Speaker
Description
At CERN, for the High-Luminosity upgrade of the Large Hadron Collider (LHC), the cryogenics instrumentation team will produce 2,000 electronic cards to support 1,800 new instrumentation channels. These cards will integrate with the LHC’s existing infrastructure of 10,000 transducer cards and are therefore designed to be radiation tolerant. This paper describes the results of two irradiation test campaigns conducted at CERN’s CHARM facility in 2023 and 2024, aimed at validating the performance and resilience of the new electronics in a representative radiation environment.
Summary (500 words)
At CERN, for the High-Luminosity upgrade of the Large Hadron Collider (LHC), the cryogenic instrumentation team will produce 2,000 electronic cards to instrument 1,800 new channels. These cards will integrate into the LHC’s existing infrastructure of 10,000 transducer cards, designed to be radiation tolerant. To validate the tolerance of the selected components and designs, we conducted irradiation tests at CERN’s CHARM facility in 2023 and 2024. The CHARM facility features a mixed radiation field able to replicate diverse radiation environments such as space, the atmosphere, and accelerator facilities.

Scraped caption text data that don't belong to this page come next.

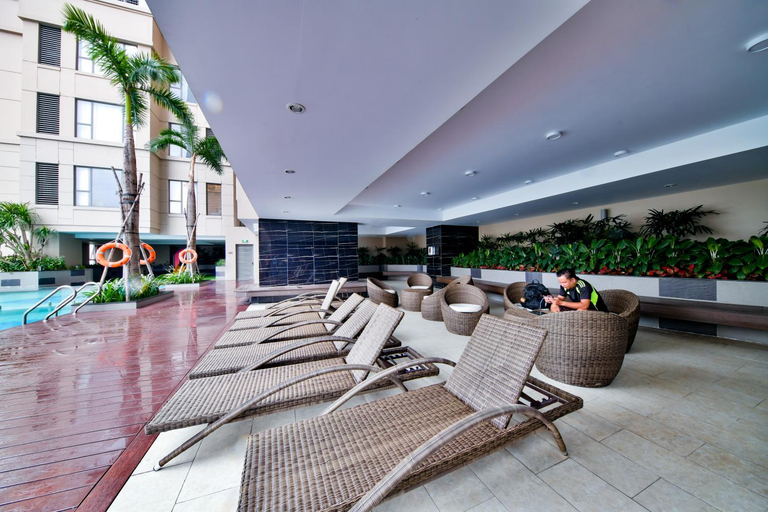 Sport & Beauty 2, S Lux Apartment, District 4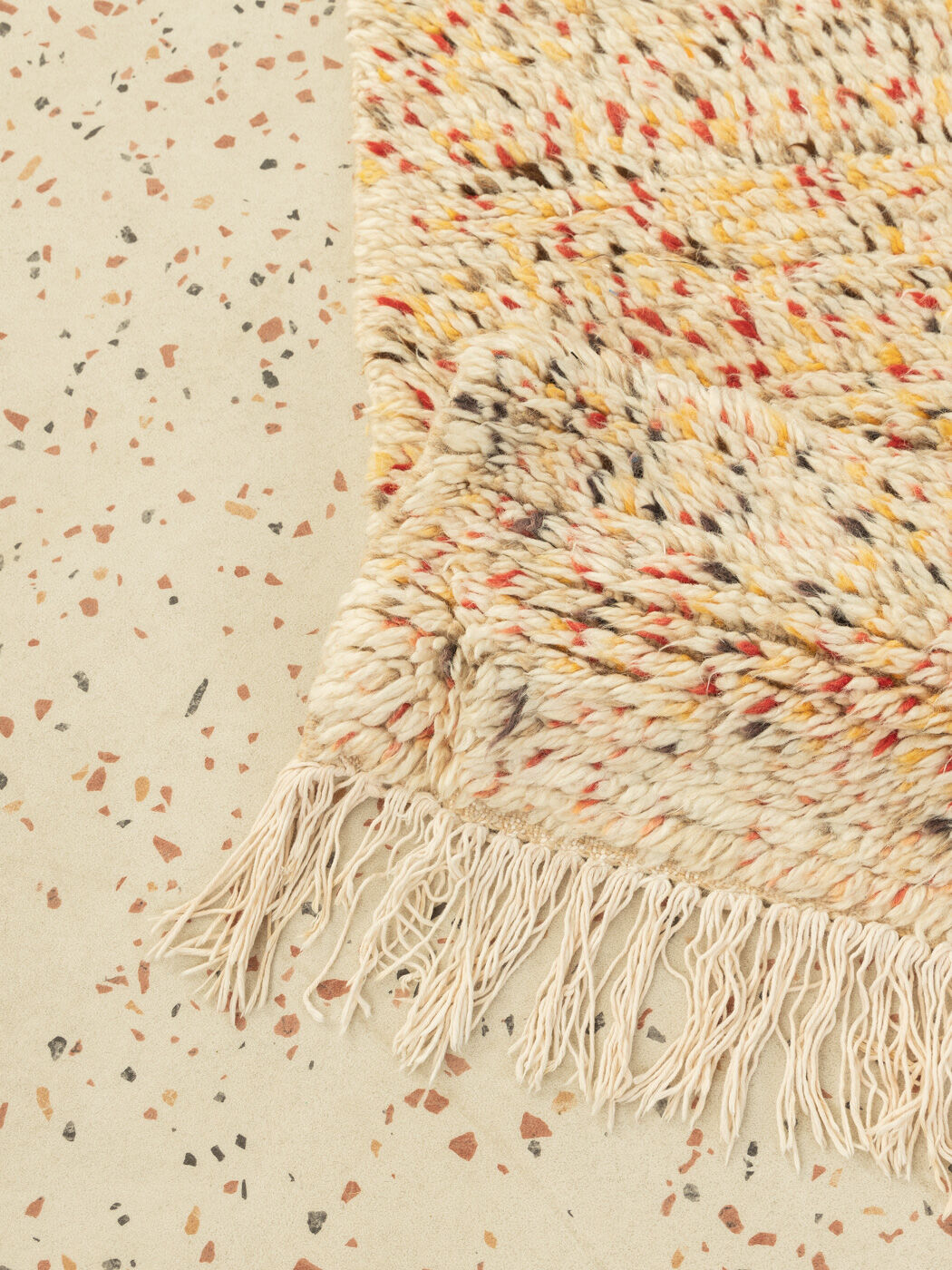 Azilal rug, berber, 105 x 220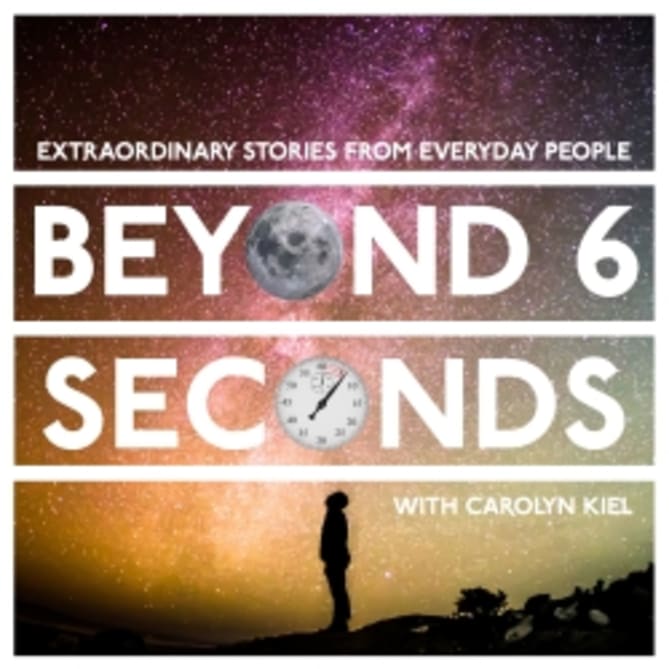 Check out the NEW Beyond 6 Seconds interview!
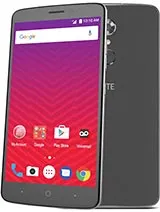 ZTE Max XL Photo - Official Specifications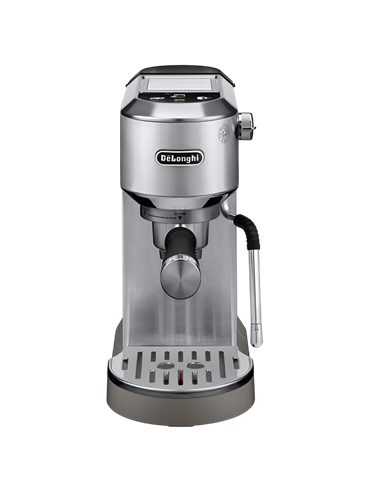 Cafetiera manuala DeLonghi EC 890.M, 1450W, Oțel inoxidabil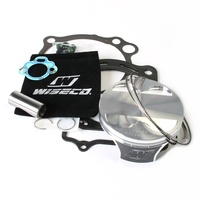 Wiseco Motorcycle Off Road, 4 Stroke Piston, Shelf Stock Kit - 05-07 Suz RM-Z450 12:1CR (4869M09550)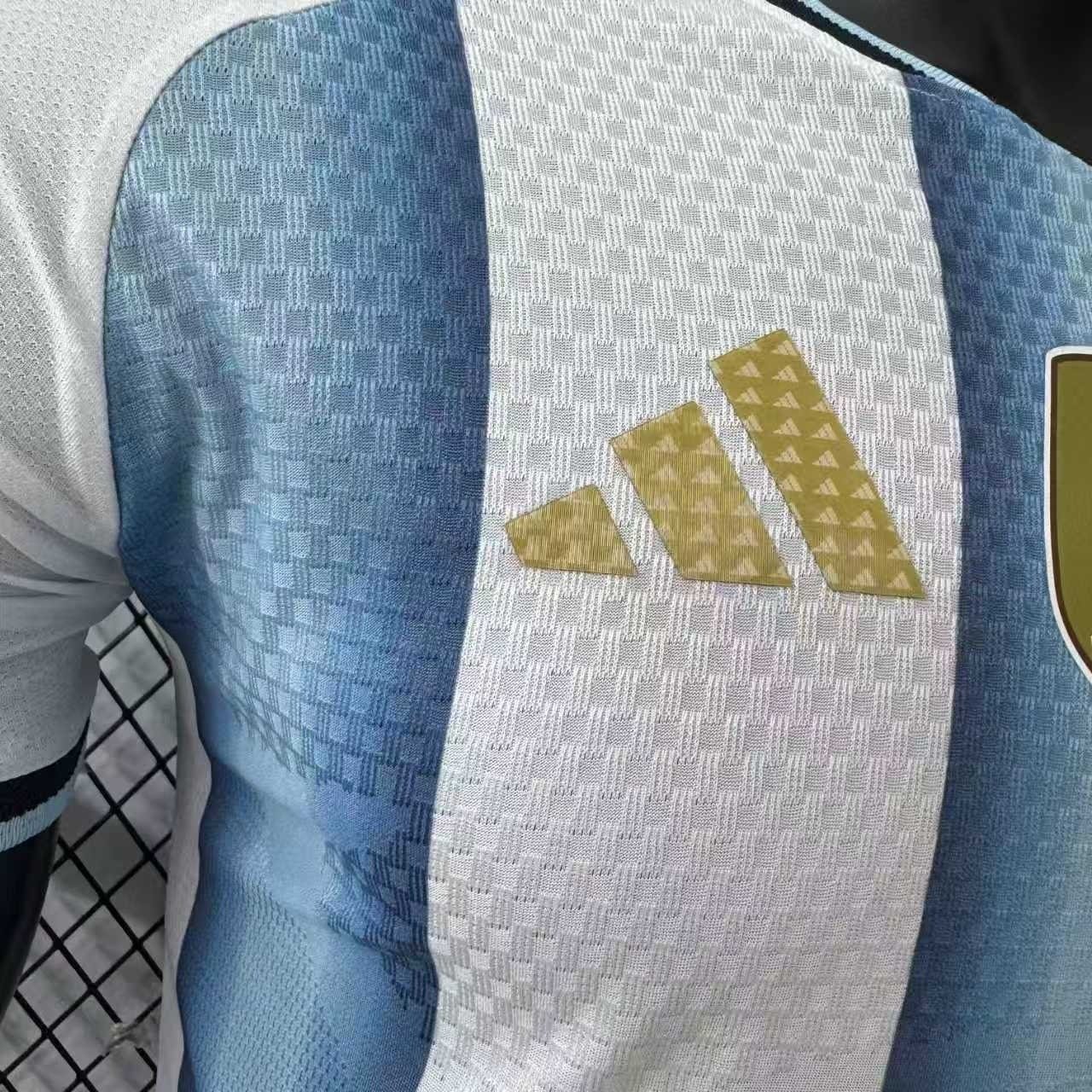 Argentina 2026 1a Eq. (Ed. Jugador) 5 Argentina 2026 1a Eq. (Ed. Jugador) - Imagen 5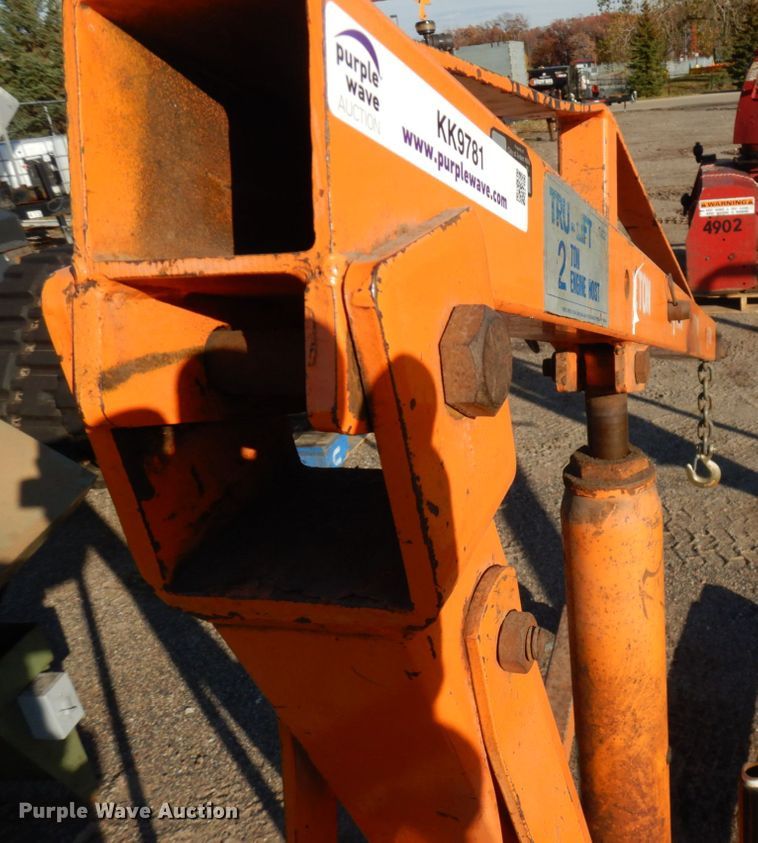 image for item KK9781 Tru-Lift  engine hoist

In the test campaign of 2023, we used two experimental setups to test 10 discrete components and two prototype cards. The components included PNP/NPN transistors, NMOS/PMOS MOSFETs, a DC/DC converter, an operational amplifier (Op-amp), a Thyristor Surge Suppressor (TSS), a PTC fuse, and two voltage regulators. The prototype cards consisted of a Digital Input Output (DIDO) card, and an Electrical Heater (EH) card tested in both AC mode and ON/OFF DC PWM mode. Additionally, a Wien Oscillator circuit using a JFET, an Op-amp, low-leakage capacitors, and diodes were evaluated. These setups were irradiated up to a Total Ionizing Dose (TID) of 1,740 Gy.

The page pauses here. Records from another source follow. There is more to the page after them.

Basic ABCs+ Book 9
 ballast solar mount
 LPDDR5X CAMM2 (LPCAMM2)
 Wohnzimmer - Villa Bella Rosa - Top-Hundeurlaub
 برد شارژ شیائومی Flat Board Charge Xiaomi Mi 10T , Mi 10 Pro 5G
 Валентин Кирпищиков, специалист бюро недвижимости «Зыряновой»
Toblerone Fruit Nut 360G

In the 2024 test campaign, five setups were employed to evaluate 15 discrete components, three prototype electronic cards, an add-on auto reset module for our communication cards using the WorldFIP fieldbus protocol, a communication card using the NanoFIP module (a variant of the WorldFIP fieldbus developed by CERN), a tray with ventilator units, and two additional prototype cards. The components tested included an oscillator, an ADC, an op-amp, a JFET, a DC/DC converter, a voltage reference, three level translators, three linear voltage regulators, an isolator, and two switching regulators. The DIDO and EH prototype cards were tested again, incorporating improvements related to component radiation tolerance. These setups were irradiated up to a TID of 1,476 Gy.
For the FPGAs used in our designs, the paper compares results from earlier irradiation campaigns (2016-2018) using the Smartfusion® 2 FPGA with those of the 2023 and 2024 using the Igloo® 2 FPGA. The comparison includes TID, Single Event Latchups (SELs), and Single Event Functional Interrupts (SEFIs). The most recent FPGA configurations achieved zero SELs and SEFIs, demonstrating significant robustness under irradiation with cross-sections lower than 6.85 x 10-14 cm2/device for high-energy hadrons (HEH, E > 20 MeV). FPGA TID failure thresholds were typically above 600 Gy, with some devices reaching up to 850 Gy, particularly in designs with sufficient timing slack.
Furthermore, in the 2024 campaign, we enabled the High-Performance Memory Subsystem (HPMS) of the FPGAs to read data from the Embedded Nonvolatile Memory (eNVM). This configuration was tested, with the FPGAs able to correctly access stored data up to the end of their TID life.
These irradiation campaigns are part of a comprehensive qualification program for the development of radiation-tolerant electronics for the HL-LHC cryogenic systems. The data validate the selected technologies and design approaches, supporting the reliable production of the electronic cards required for deployment in the LHC radiation environment.